Asia Risk Awards 2022

Wee Wei Min
Wee Wei Min, OCBC

OCBC Bank has again demonstrated its preeminence among Singapore banks this past year, through leadership in the local interest rate benchmark transition, market-leading ESG (environment, social and governance) investment offerings, and innovative digital solutions for its foreign exchange clients.

At a time when the market was awaiting the outcome of a consultation by the Monetary Authority of Singapore on the adjustment spreads for the transition of legacy swap offered rate (SOR) contracts in the wholesale market, OCBC, together with another commercial bank, completed a 30-year overnight indexed swap (OIS) derivatives transaction in July this year using the Singapore Overnight Rate Average (Sora) as the interest rate benchmark. The bank believes it to be the first long-tenor Sora OIS trade in the city-state.

The biggest challenge, according to Wee Wei Min, global head of sales and structuring, global treasury at OCBC Bank, lies in the long tenor of the transaction because of a dearth of liquidity on that part of the Sora curve. Wee says OCBC overcame this challenge by marrying its corporate and institutional clients to create liquidity.

OCBC was able to transit a long-dated overnight indexed swap, amortising SOR-based interest rate swap into Sora with our client. OCBC was able to break down the trade into the various tenor buckets against the offsetting flows from our network of clients. This solution worked successfully and sets the precedent in the collaboration process across teams for other long-dated deals to be transited,” she says.
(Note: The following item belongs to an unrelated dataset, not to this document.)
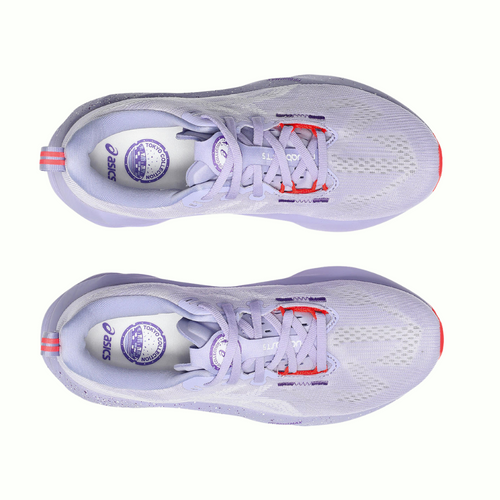 【美品】ASICS NOVABLAST 5 TOKYO NOVABLAST 5 TOKYO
Wee says the fact the bank had senior leaders sitting on the legacy contract conversion sub-committee and the trading sub-committee of the Steering Committee for SOR and Sibor transition to Sora has not only helped the industry make the transition, but also the bank.
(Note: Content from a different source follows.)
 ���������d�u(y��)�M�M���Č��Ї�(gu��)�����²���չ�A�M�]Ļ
OCBC has a long history of leadership in Singapore’s local benchmark transition. In 2019, for instance, OCBC and another commercial bank traded Singapore’s first OIS derivatives transaction using Sora.

OCBC has also executed a number of sustainable finance transactions in the past 12 months, further cementing its title as a frontrunner in the ESG space. One example was a transaction for a real estate investment trust, First REIT. The bank also priced the Housing Development Board’s first green bond and a repeat sustainability-linked issuance for Sembcorp.
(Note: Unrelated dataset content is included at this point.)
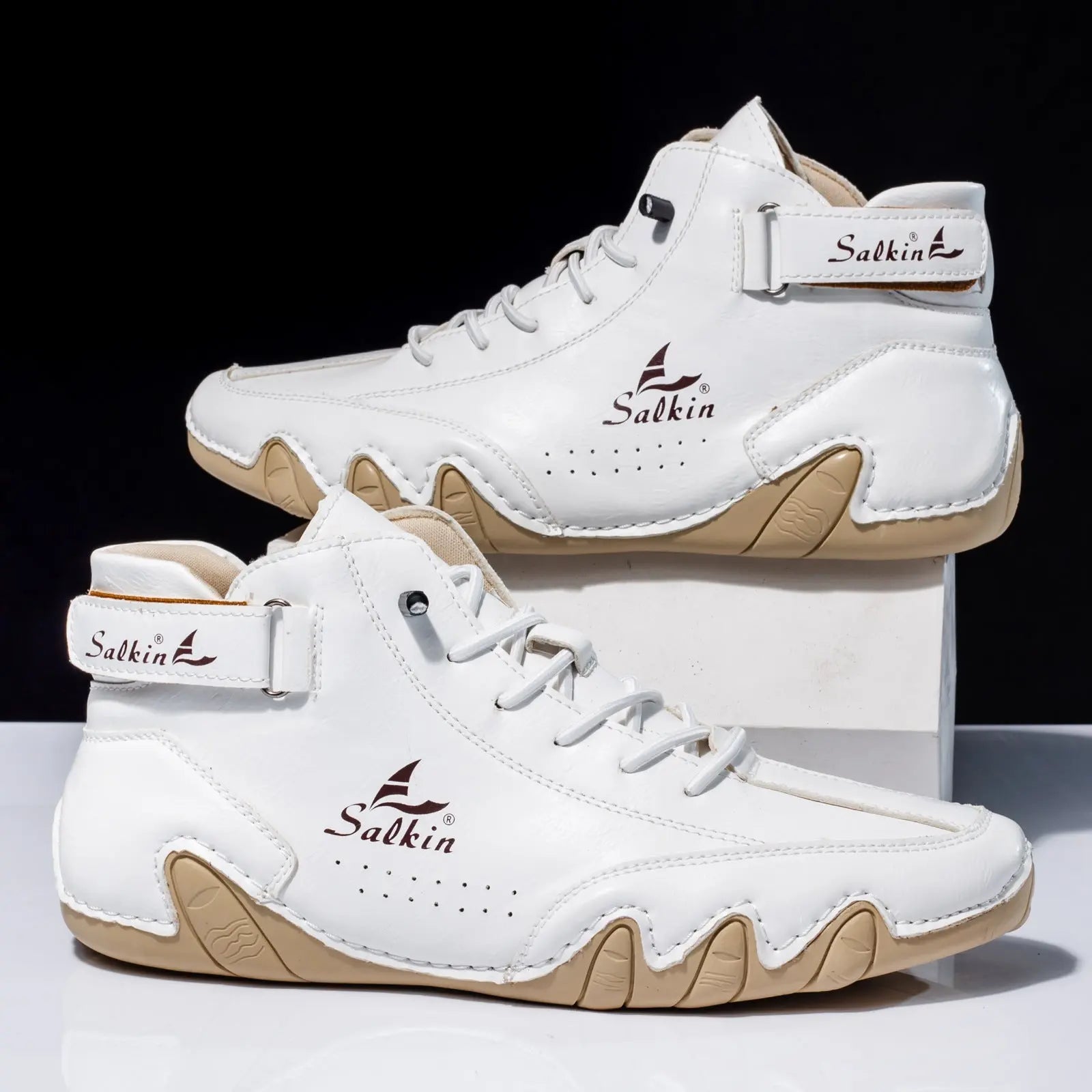 Barfußschuhe - Männer & Frauen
“As ESG bonds have a scarcity factor in the Singapore dollar market, we envisioned that investor demand for such instruments will be forthcoming and we lead-managed the market’s first social bond for First REIT, an SGX-listed healthcare-focused REIT. The transaction was aligned with the REIT’s newly established social finance framework, which ties in with the United Nations’ sustainability development goals. In helping these issuers, we created a meaningful platform to further ESG bond issuances, deepening the ESG footprint in the Singapore bond market.”

Like all banks, OCBC is also very much in the throes of its digital journey. One of its key initiatives – FX Online – the bank’s digital FX platform, which was launched in 2020, has seen further improvements in the past year. These improvements have included leveraging machine learning and robotic process automation, as well as deeper cooperation among the departments within the bank, to offer solutions that are directly relevant to clients’ financing needs instead of overwhelming them with information.

By leveraging machine learning and robotic process automation on FX Online, the bank is able to prompt its customers while on the go about FX exposures that need to be managed through its Business Mobile Banking app.

“We are not going to sit and tell them that this is only for a certain kind of deals. Our game, perhaps the end state could be that as long as you want to hedge or invest, you can do so regardless of the channels and where you are. You could be at the airport waiting to catch a plane, and when prompted by OCBC that this is the best time to hedge your Singapore dollar exposure, you are able to do so,” says Gerard Tan, managing director and head of digital market strategy, global treasury at OCBC.

The bank’s strategy in offering solutions that seek to add value is also palpable in the market insight it provides its clients for their currency needs. Tan says the bank seeks to ensure the information it provides is relevant to clients and offers advisory on how best to capture opportunities and market dislocation rather than overloading them with information.